At the same time, citing the continued "uncertainty of the Corporation's future and its role", the Board has also urged the government to consider acquiring all of the private shares in the corporation, or alternatively liquidating it altogether.

Both concerns were articulated by Mohammed Jawad bin Hassan bin Suleiman, Chairman of the Board of Directors, in a report of PSC's financial and operational performance for the first six months of 2016.

Following the government's decision to relocate Muscat Port's commercial cargo operations to Sohar Port two years ago and to convert the facility into a maritime-based tourism and leisure destination, PSC has seen its operations and revenue earnings dramatically plummet in the ensuing period. However, the port continues to receive a modest number of cruise vessels, bulk grain carriers, bitumen tankers, vegetable oil carriers, cement carriers, livestock carriers and visiting naval and passenger ships.

Earlier this year, the government mandated its tourism investment arm Omran to drive the transformation of Port Sultan Qaboos into a major maritime-based tourism and leisure hub. The so-called Mina Sultan Qaboos Waterfront Development envisages a mix of maritime, residential, hotel, resort, leisure and retail components.

PSC says it has since been instructed to prepare for the relocation of all remaining commercial operations out of Muscat Port. A committee has since been constituted to chalk out a detailed strategy for achieving this goal and to submit a report to this effect to the Minister of Transport and Communications.

"The committee held its first meeting on May 26, 2016 wherein the management of the Corporation has reflected clearly, in detail, its opinion with regard to all the procedures and steps proposed, stressing that the Corporation will have to be compensated for any loss of income resulting from the shifting if it carried out prior to the expiry of the concession agreement period," Mohammed Jawad bin Hassan said.
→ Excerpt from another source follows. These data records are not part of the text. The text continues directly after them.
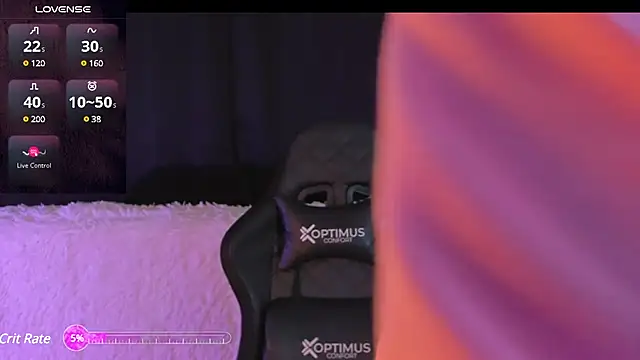 Snapshot of rosario215B chatting on January 2025 03:40:01 PM rosario215B online show from January 2025 03:40:01 PM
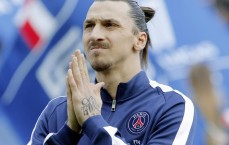 中国体彩网官方首页-曼城新帅孔帕尼首度宣言，欧冠冠军是我们的永恒目标！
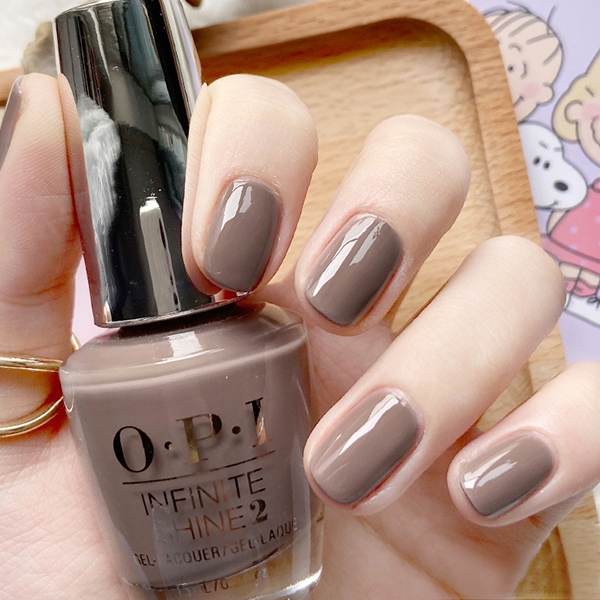 OPI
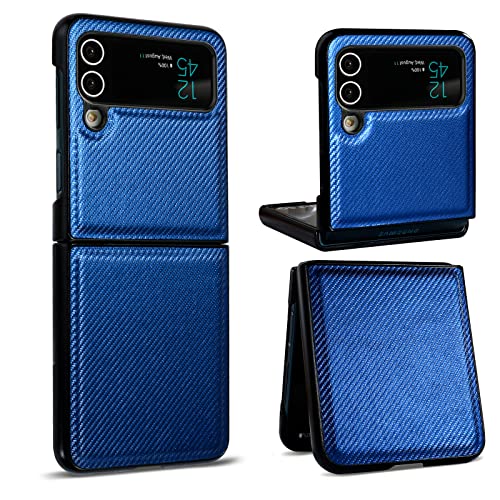 Étui pliable Samsung Galaxy Z Fold 3 5G pour un usage quotidien fluide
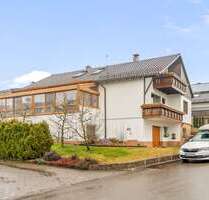 Haus zum Kaufen in Reutlingen 519.000,00 € 219 m²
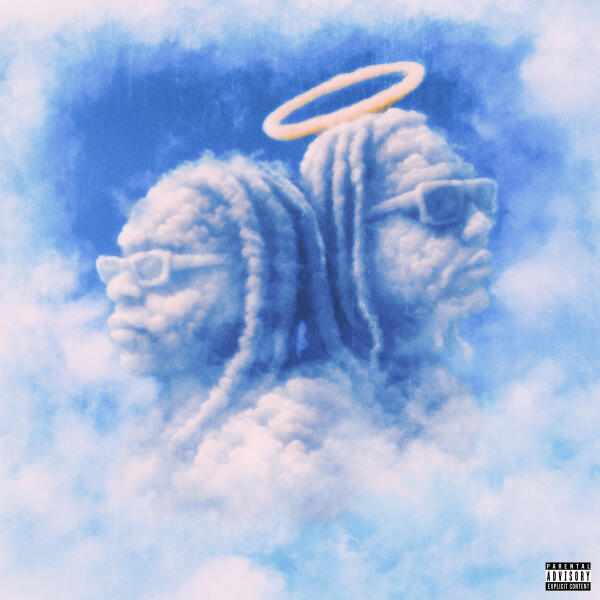 Lil Gotit, Lil keed - Relapse Game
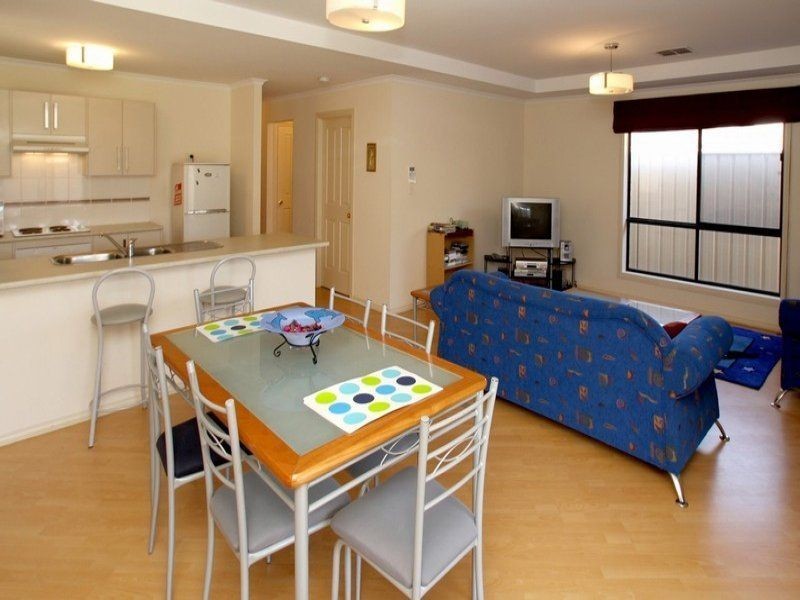 20 Aldam Avenue, Aldinga Beach SA 5173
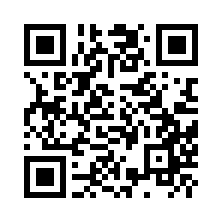 QR Code for bitcoin:18ZcWJ3DSp3qQLtWkBsL2oY4Fc2T43LSo9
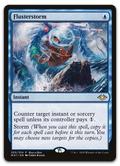 Product image for TCG 190724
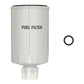 Fuel Filter Fits Farmtrac Replaces 3132428R1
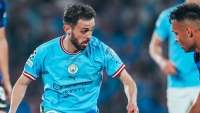 Illustration : "Mercato PSG : Le club va accélérer pour cet immense joueur !"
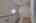 Blurred preview of media: 10431GrandPark-21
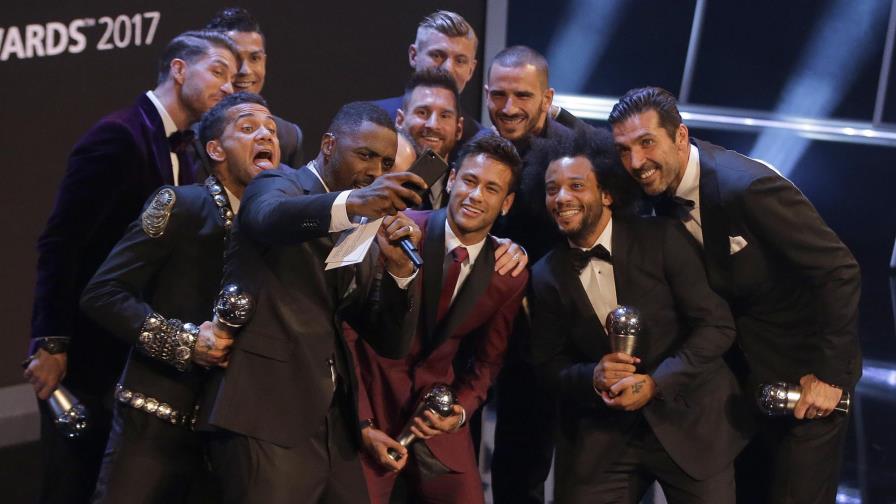 UEFA propone competencia internacional cada 2 años 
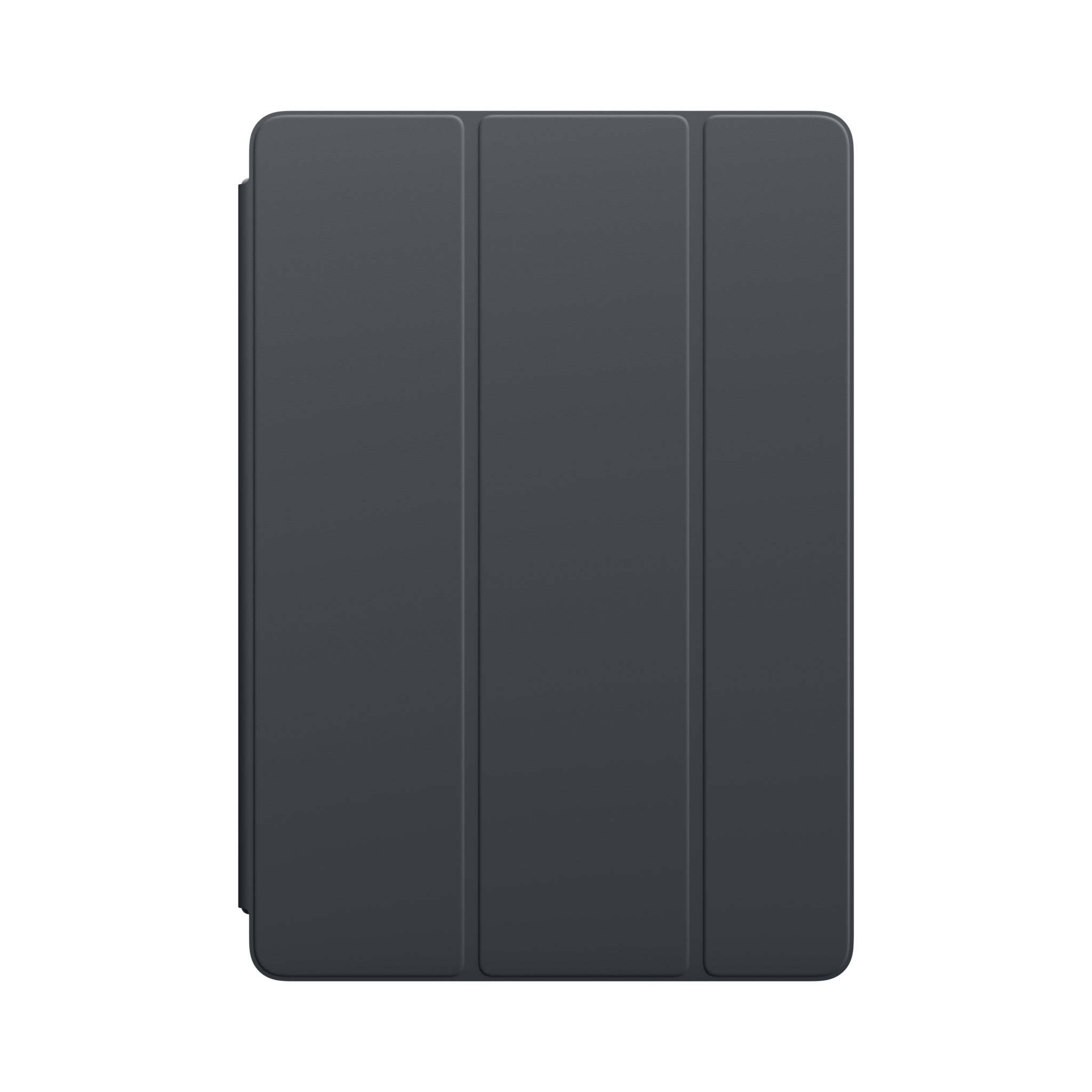 Smart Cover for iPad Pro 10.5″ — Charcoal Gray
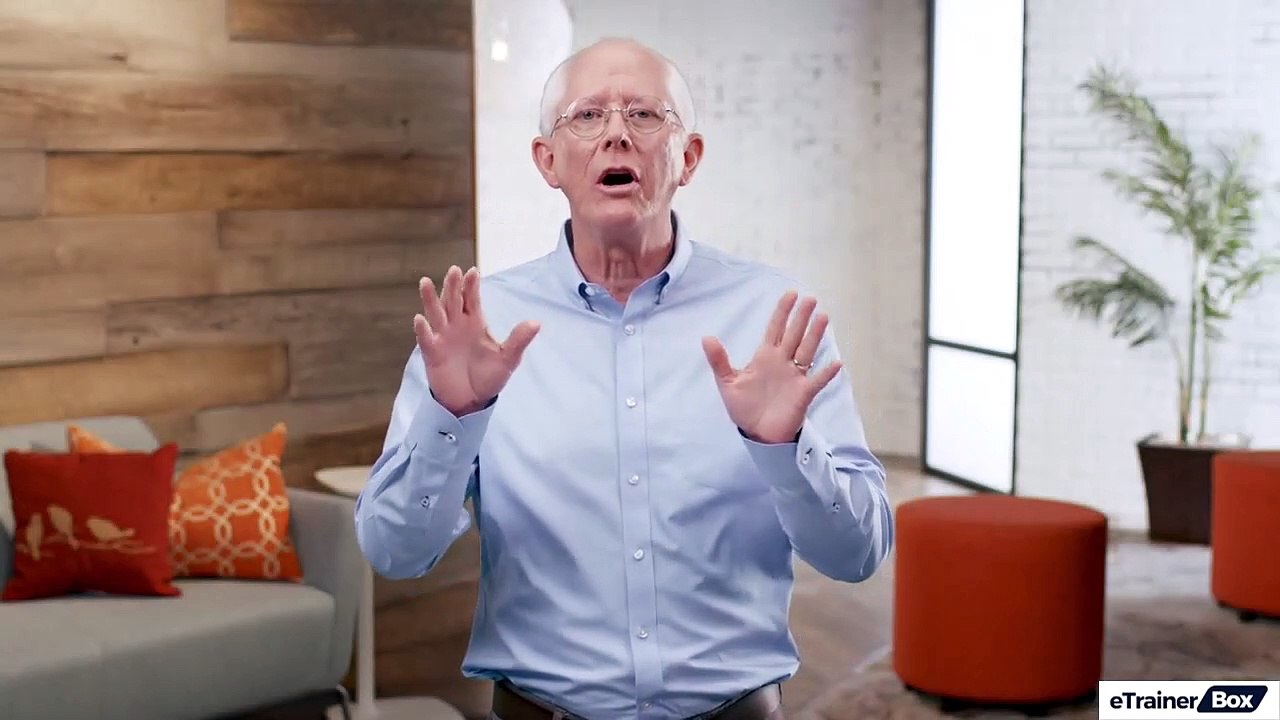 Corporate Finance Foundation: 4.4 - Cost of capital- All debt or all equity financing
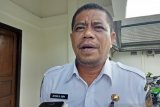 Warga Mimika terinfeksi COVID-19 mencapai 222 orang
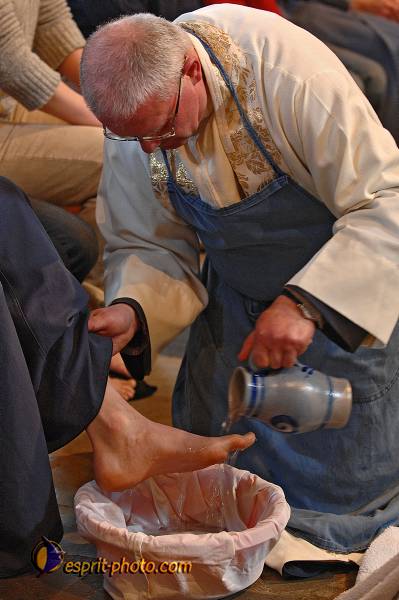 Nom de l'image : D2218873_1 — Description :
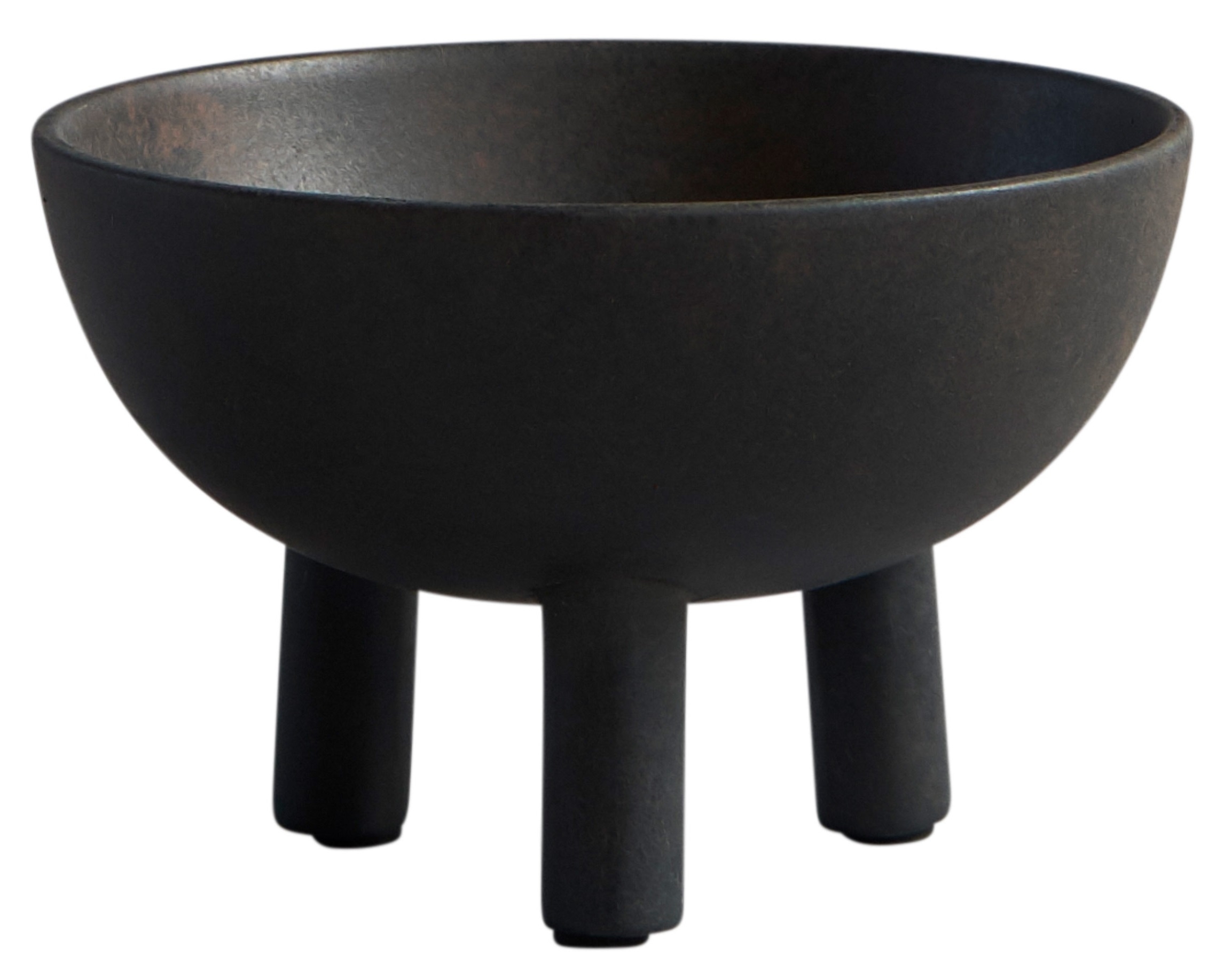 Duck 101 Copenhagen Bowl - Miliashop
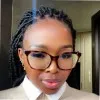 Rethabile Dhladla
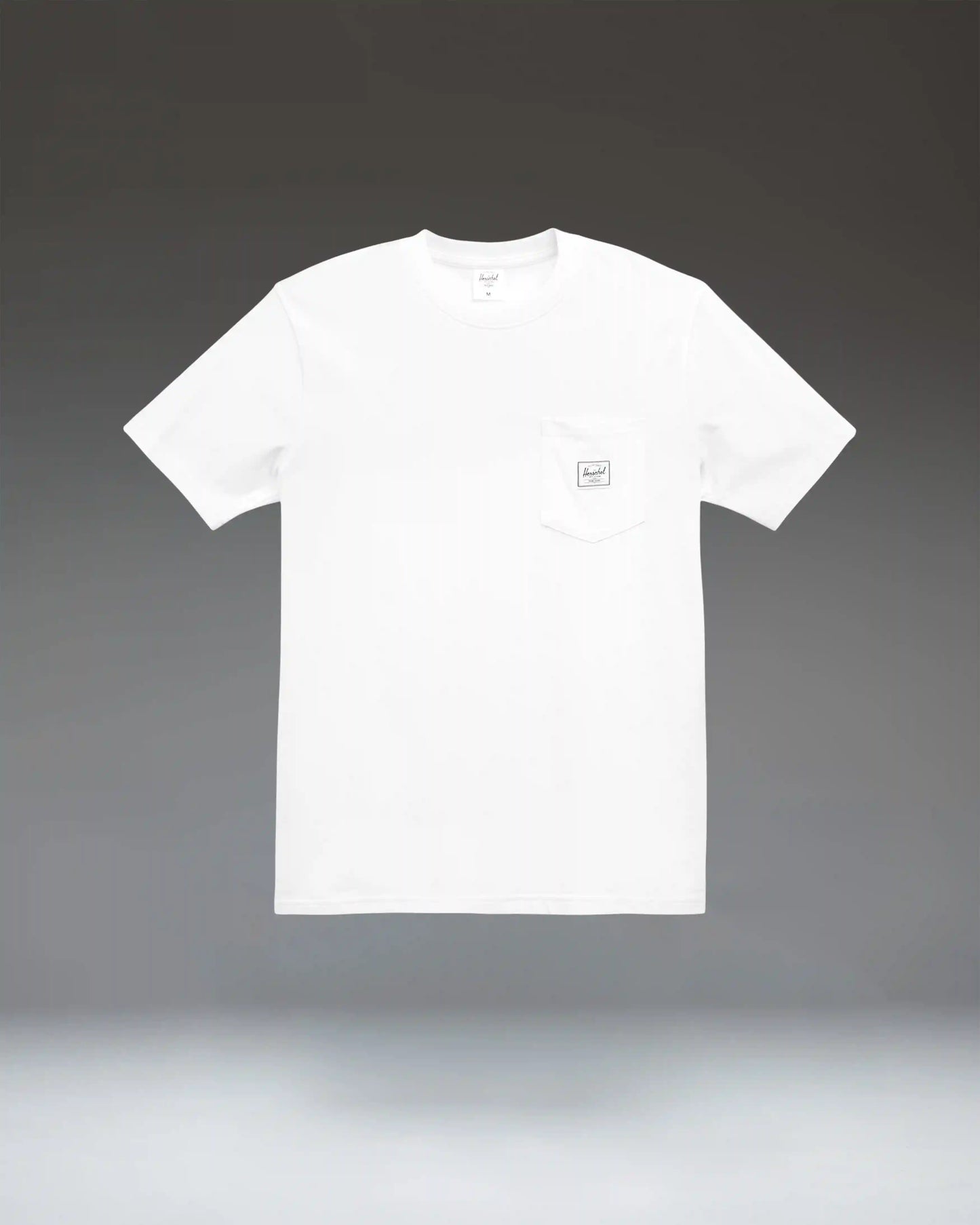 Pocket Tee Men's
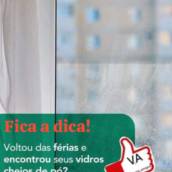 .Faça já seu orçamento...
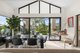 Photo - 7 Thistle Glen Close, Green Point NSW 2251 - Image 3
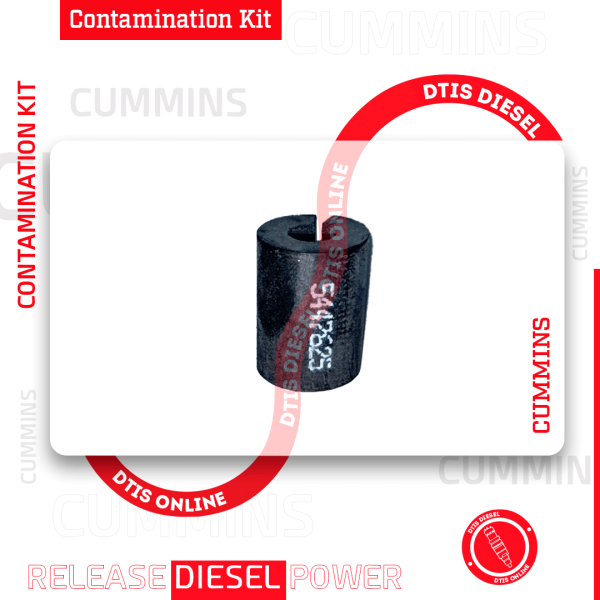 CSRLY782AA Contamination Kit 6.7 Cummins – $3,300.00+$600.00 Core Charge Free Shipping in all orders - Image 6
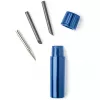 Passer Staedtler 552 01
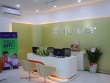 Chubb Life Việt Nam tăng cường tiếp cận khách hàng qua mạng lưới văn phòng Infinity mới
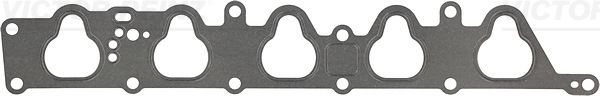 VICTOR REINZ 71-35683-00 Gasket, intake manifold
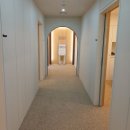 리온메디 이미지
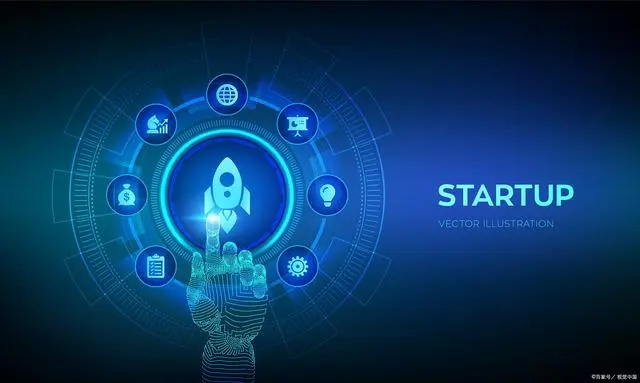 不可错过的AI工具盘点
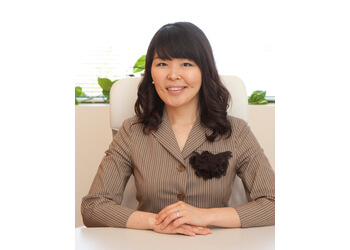 Surrey naturopathy clinic Revive Naturopathic Health Clinic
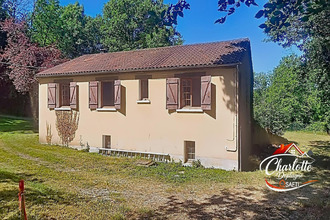 achat maison champagnac-de-belair 24530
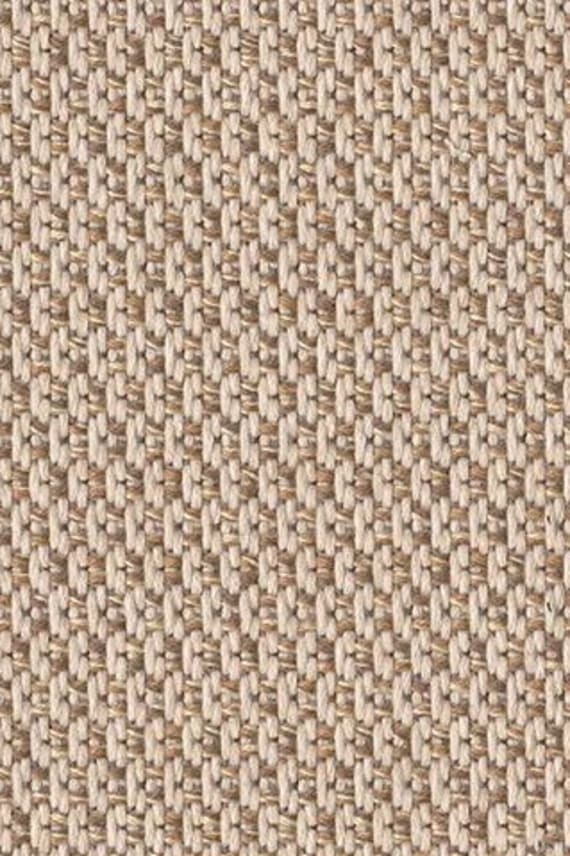 SB LOPI tummabeige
According to the Chairman, PSC has also conveyed the Board's request that the government buys the shares of the private shareholders or alternatively move to liquidate the corporation. A decision from the government is still awaited on this request, he noted.

Notwithstanding these issues, PSC's net profit for the six months ended June 30, 2016 soared an astronomical 2,439 per cent to RO 1.857 million, up from RO 73,140 for the corresponding six months of 2015. Aiding this growth was a 61.6 per cent increase in operating revenue fuelled by the increase in port tariffs and an uptick in cruise vessel calls.

Operating expenditure also dropped 46.9 per cent to RO 1,509K this year on account of "austerity and cost control measures". A significant reduction in the size of the Corporation's workforce, from 373 as of June 30, 2015 to 120 by mid-year 2016, helped achieve this hefty cost reduction, it said.

PSC's concession agreement with the Ministry of Transport and Communications, covering the operation and management of Port Sultan Qaboos, has been extended to December 31, 2016, according to the Corporation. It also operates and manages Khasab Port in Musandam Governorate on a temporarily basis in line with an agreement concluded with the Ministry in 2012.